Suspense com ares de misticismo
A partir desse encontro excêntrico no meio de uma floresta com ares de filme de terror, tudo muda na narrativa que parece normal e descamba para um suspense cheio de misticismo. As gurias orientais salvam o ornitólogo, mas diabólicas que são, lhe dão uma rasteira.
Ele sai do espeto para cair na brasa e essa situação parece uma constante na jornada de Fernando. Toda vez que tenta se salvar, encontra-se em uma encrenca ainda maior.
“Tem coisas que não vale a pena entender, acontecem”, filosofa ele após inúmeras experiências surreais que vão desde presenciar um ritual macabro na calada da noite ou rolar nu na areia abraçado com um jovem surdo-mudo de nome Jesus. E o que são aquelas lindas amazonas de belos seios de fora?

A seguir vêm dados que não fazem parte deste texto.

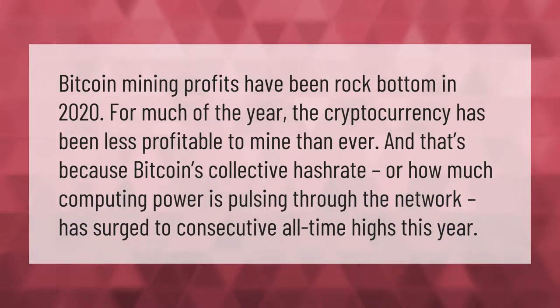Bitcoin mining profits have been rock bottom in 2020. For much of the year, the cryptocurrency has been less profitable to mine than ever, because bitcoin's collective hash rate — or how much computing power is pulsing through the network — has surged to consecutive all-time highs this year. Thank you for watching; please subscribe and hit the bell notification.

Surrealista, espiritualista e surpreendentemente diferente, a trama de “O Ornitólogo” suscita reflexões para além da compressão humana. Flerta com Shakespeare, J. J. Benítez (“Operação Cavalo de Tróia”), parábolas bíblicas e velados temas ecológicos para falar de homossexualidade, transcendência espiritual, enfim, descobertas. É uma produção com rompantes sensoriais. O final é simples e exemplar.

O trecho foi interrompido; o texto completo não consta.